Stare in mezzo alla gente, vicino alle persone, quindi, «condividendo il loro quotidiano, entrando nelle loro case e interessandoci ai loro problemi: questo facciamo. Siamo qui con la nostra vita per mostrare, almeno un po’, l’amore di Dio, il suo farsi vicino».
Riguardo alla visita del Papa in Congo, suor Delia ci racconta di come qui si sia passati dallo «scoraggiamento collettivo» dell’anno scorso dopo l’annullamento del viaggio, alla «grande gioia per l’annuncio della nuova data, da parte di cristiani e non: il Santo Padre – infatti – è visto non solo come autorità religiosa ma anche morale, umana e sociale, che può aiutare il nostro Paese».

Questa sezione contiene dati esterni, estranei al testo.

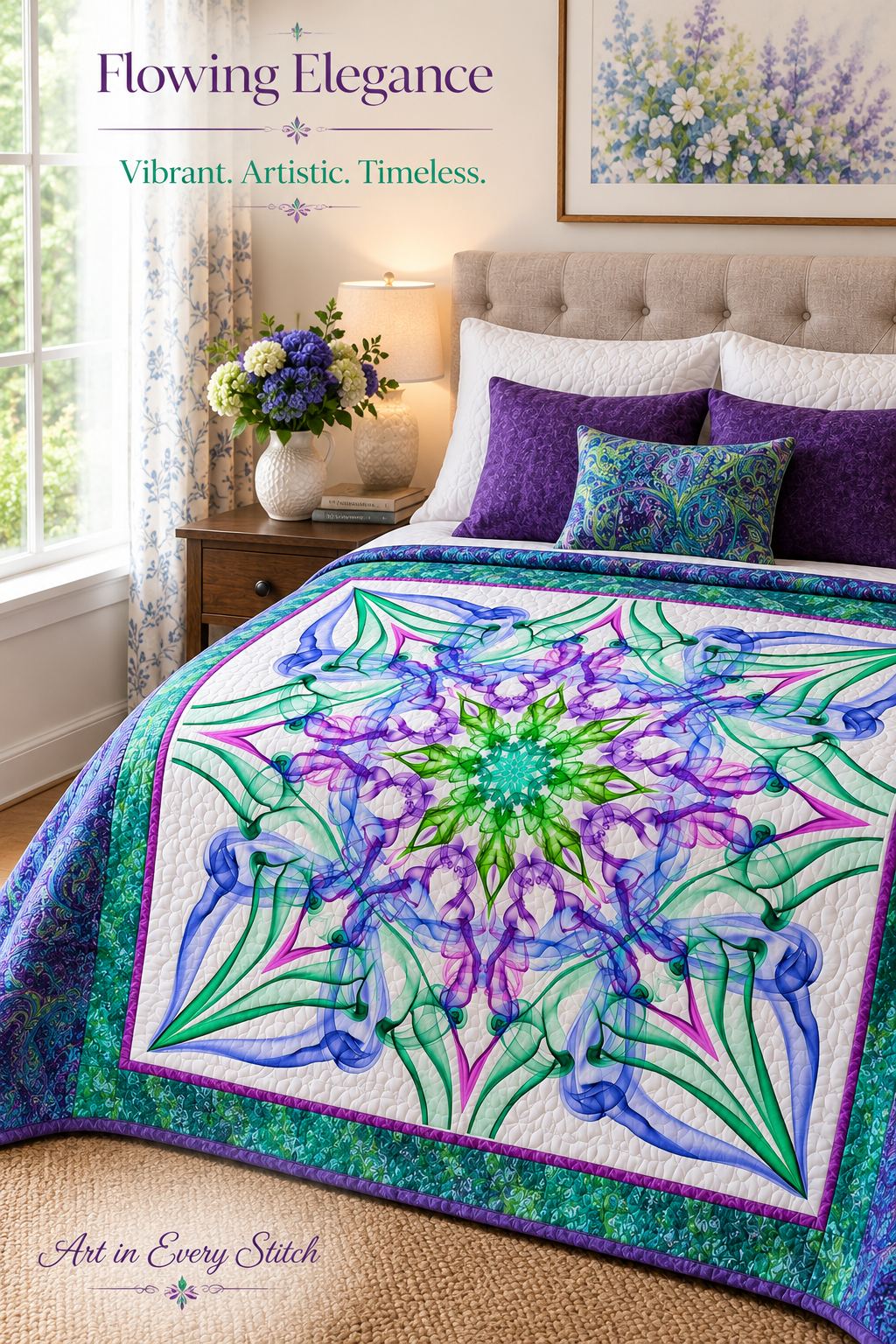 Dream Big Ethereality Dragonfly Quilt Panel by Jeanie Sumrall-Ajero for Hoffman Fabrics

I suoi giorni di permanenza nel Paese, qui la gente li ha seguiti come poteva, coi mezzi che possiede. «Anche noi abbiamo cercato di far sentire qualche suo piccolo messaggio e cercheremo di tradurli in swahili. La sua voce è stata di un po’ profetismo eccezionale».
«Pregate per il Papa e per noi – conclude suor Delia -, perché la sua visita possa trovare solchi aperti a questo seme che possa crescere e svilupparsi, perché la nostra fede sia più forte, la nostra carità più incisiva e la nostra speranza possa portare frutti di pace e di comunione. Un abbraccio a tutta la Diocesi di Ferrara-Comacchio».
Padre Rino Benzoni: «Qui grande forza vitale»

È originario di San Lorenzo di Rovetta, nel bergamasco, padre Rino Benzoni (nella foto assieme ad alcuni ragazzi in attesa del Papa), ex superiore generale dei saveriani, ora missionario nella capitale Kinshasa.
Gli chiediamo dove si trova la sua parrocchia di San Bernardo (che guida assieme ad altri due saveriani, un burundese e un congolese): «il nostro è un quartiere centrale, Ndanu – ci spiega -, ma è come se fosse periferico, in quanto ex zona paludosa nella quale poi si è costruito ma che si inonda ad ogni pioggia». In questa zona tanta gente vive in povertà, anche estrema, la scuola, ad esempio, è a pagamento («quella di Stato è disastrosa»), e così la sanità, «con anche tanti approfittatori e ciarlatani». Questa massa di poveri, padre Rino la definisce più volte «la fascia rigettata e schiacciata dal resto della società».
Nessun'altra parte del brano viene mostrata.